These strategies can be used to determine the direction of an organization.

However, these strategies do not come without criticism 

It is argued that all the strategies defined by porter may not be suitable for every firm. Sometimes a single strategy adopted would yield results, or a mixture of these would be beneficial. They depend on several variable factors, such as the organizational structures, the skills of employees. control procedures in place etc. (Ouma and Oloko 2017) . Porter's strategies are deemed to be firm-specific only, which addresses alone a specific situation and time. They do not set a guideline for a changing business environment or for businesses that operate in a dynamic environment(Moon, Hur et al. 2014)

Mechanistic and organic organizations are opposites of organizational structure possibilities. Mechanical organizations are efficient, rigid, predictable, and standardized organizations. Accurately, mechanistic organizations are characterized by a strict hierarchy, high levels of formalization, a heavy reliance on rules, vertical specialization, centralized decision making, and narrowly defined tasks (Hunsaker, 2018). In contrast, organic organizations are flexible, adaptable, and team directed. In particular, organic organizations are characterized by weak or multiple hierarchies; low levels of formalization; loose rules, policies, and procedures; horizontal specialization; decentralized decision making; communication flows in all directions; and fluidity of tasks adaptable to changing conditions. 


2.1 Porter’s four competitive strategies

2.1.1 Cost leadership strategy

Cost leadership strategy is achieved by focusing on the efficiency levels where the goal is to produce high volumes of output, which would lower costs through economies of scale.
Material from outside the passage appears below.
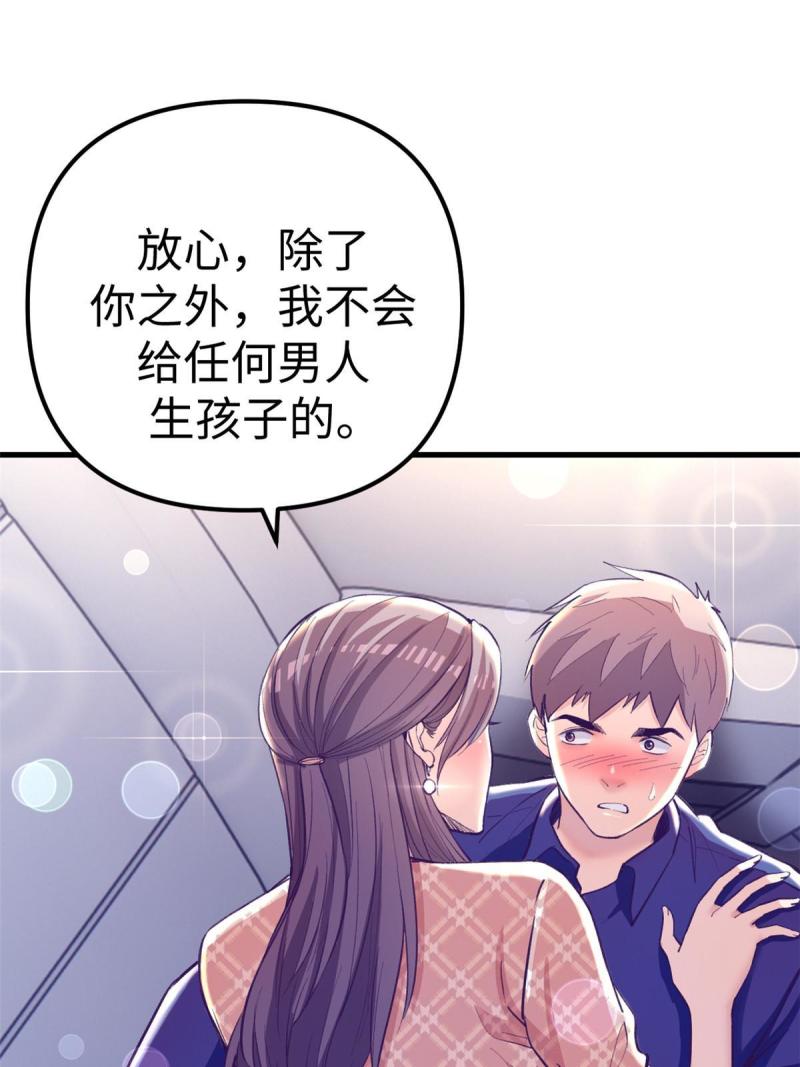 我的专属梦境游戏漫画,170 夜闯罗希云家3图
However, having a large market share or preferential access to production factors is necessary to keep competitors from copying the adopted strategy. (Tanwar, 2013)

Organizations that attempt to produce their goods at the lowest cost in an industry can be referred to as those following a cost leadership strategy. Organizations with the lowest costs associated with their outputs would earn the highest profits assuming that the market the entity is competing in consists of products mostly undifferentiated and sold at a standard market price (Kuijk, 2018). The main objective of these entities is to reduce costs at all steps of their supply chain in an effort to reduce or remove all cost overheads, provided that it can do so without a significant hit to the quality of the product offered. It is necessary to note that cost leadership does not necessarily mean that the entity's products will be available at the lowest price. There are some instances where an object offers the products are an average market price and pockets the profits earned due to being a cost leader.

However, a noticeable downside of adopting a cost leadership strategy is that the company focuses on reducing costs, sometimes at the expense of other vital factors, which may become so dominant that the company loses vision of why it embarked on one such strategy in the first place.